J.B. I use almost exclusively bristle filbert brushes. They are amazingly versatile. I paint
mainly on canvas, but board as well. And there are so many great colors available I
never felt a need to make my own colors. I generally use Winsor & Newton® paints but
also some Old Holland® brand. I have never not been able to find a color I was looking for. In
the end, I often leave the painting coated with a layer of Galkyd Lite (a Gamblin® product)
infused with a bit of cold wax medium to take down the shine. However, I have recently
started using Gamvar varnish. Some of my brushes work best after having been truly
Q4. At what age did you realize you were an art spirit?
J.B. Hmm. That sounds very positive. Maybe more positive than my path. I would say that, in
high school, I started to get very antsy and upset if I could not do some kind of drawing
or painting when I wanted. It was a very compulsive thing. But I had been making
pictures from as far back as about 4 years old – most kids are doing things at that age
but I just never stopped. I cannot even conceive of stopping.
Q5. Did anyone try to talk you out of fulfilling your dream as an artist? If so, how did you
J.B. My father was denied his dream in the arts because of an over-bearing father. But he
was very supportive of my aspirations. Very supportive. I cannot say I ever dreamed of
being a painter though. I had always wanted to work in film special effects but that
career barely got off the ground before I realized it was not what I had expected.
Q6. How did Arcadia Contemporary and you become acquainted? Did you seek them
out or did they find you?
J.B. Simple as this: I was wanting to go to New York and look at galleries. And given that I do
representational paintings, I decided to contact the best such gallery out there I could
find for some advice as to where to start. And I am both lucky and grateful that Steve
Diamant (Arcadia) took an immediate liking to what I was doing.
Q7. What tasks does a gallery like Arcadia Contemporary handle on your behalf?
J.B. Any good gallery is your agent. They will both offer advice and listen to what you have
to say. They promote, ship, show, advertise, bring in serious collectors, and hang your work
with other artists you admire. A good gallery will always pay you for sales right away and
every artist I know at Arcadia cannot say enough about how well we are treated with
regard to every point I mentioned here.
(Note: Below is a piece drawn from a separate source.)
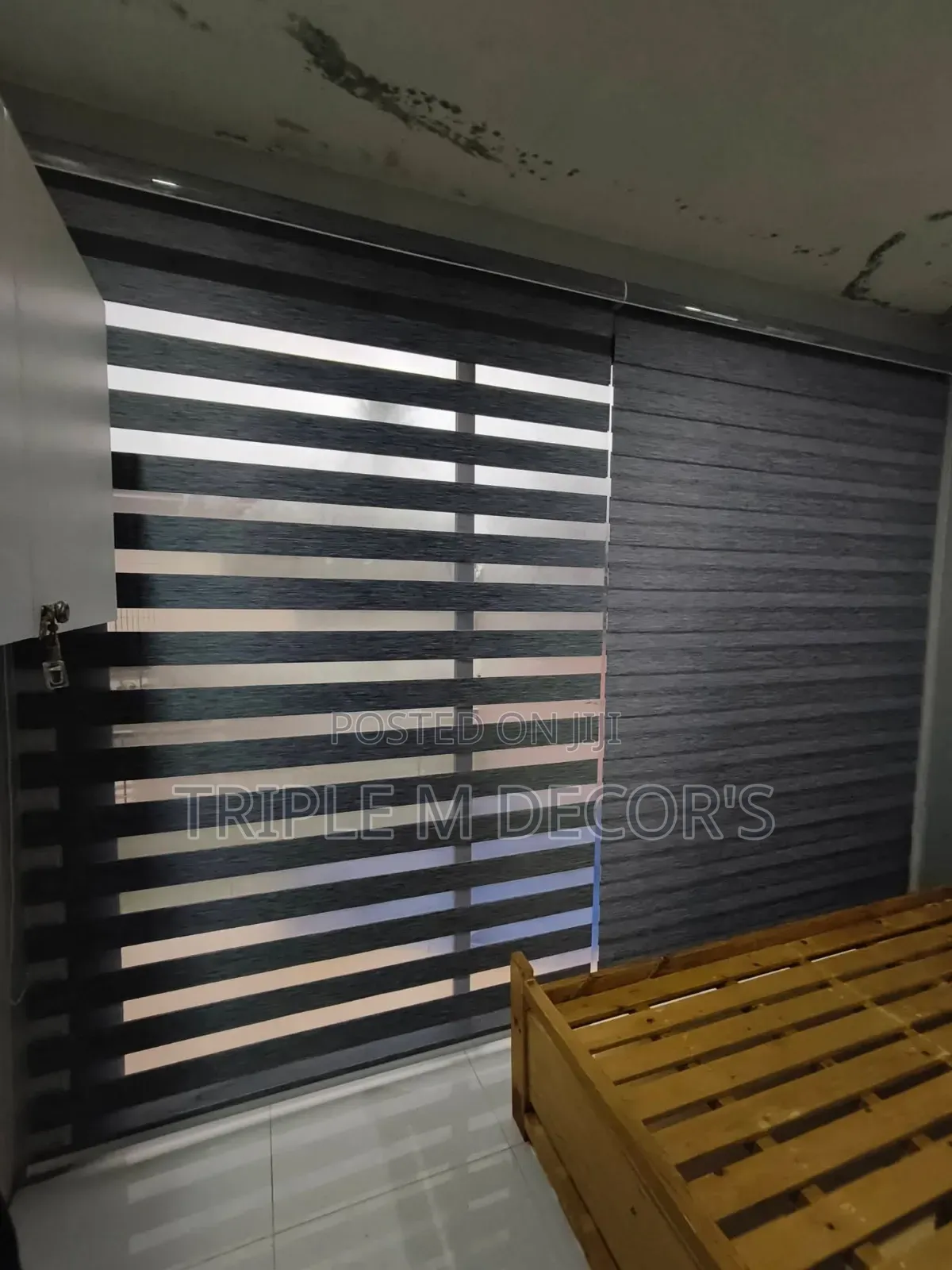 Stylish Horizontal Window Blinds | Modern & Affordable in Nairobi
And even when my work turned a bit incongruous
with what the gallery was doing for a few years, Steve let me know and invited me to
show him future work that I thought might be a better fit (which is why I was gone for a
while). I understand that he is running a business and Arcadia understands that an artist
sometimes needs to try things. I am lucky to be with them.
Q8. Art can touch people’s lives, bringing happiness and hope. For example, my boss’
art school partners with CoachArt to provide free art classes for families impacted by
childhood chronic illness. Is there a charity you are fond of or support, that you might like our readers to learn more about?
J.B. There is Homeboy Industries in Los Angeles. It basically provides support and jobs for youth making their way out of a life of crime and gangs.
In closing, do you have a favorite quote, mantra or process that you find inspiring or
helpful when faced with a creative block, that you would like to share with our readers?
J.B. Hmm – I cannot think of a single quote. Ray Bradbury has been an inspiration of late –
the things he says about the working process. And my teacher, Wayne Thiebaud,
demonstrated a work ethic very parallel to how I see Bradbury. But any creative block
seems to clear out with a good cleaning of the house.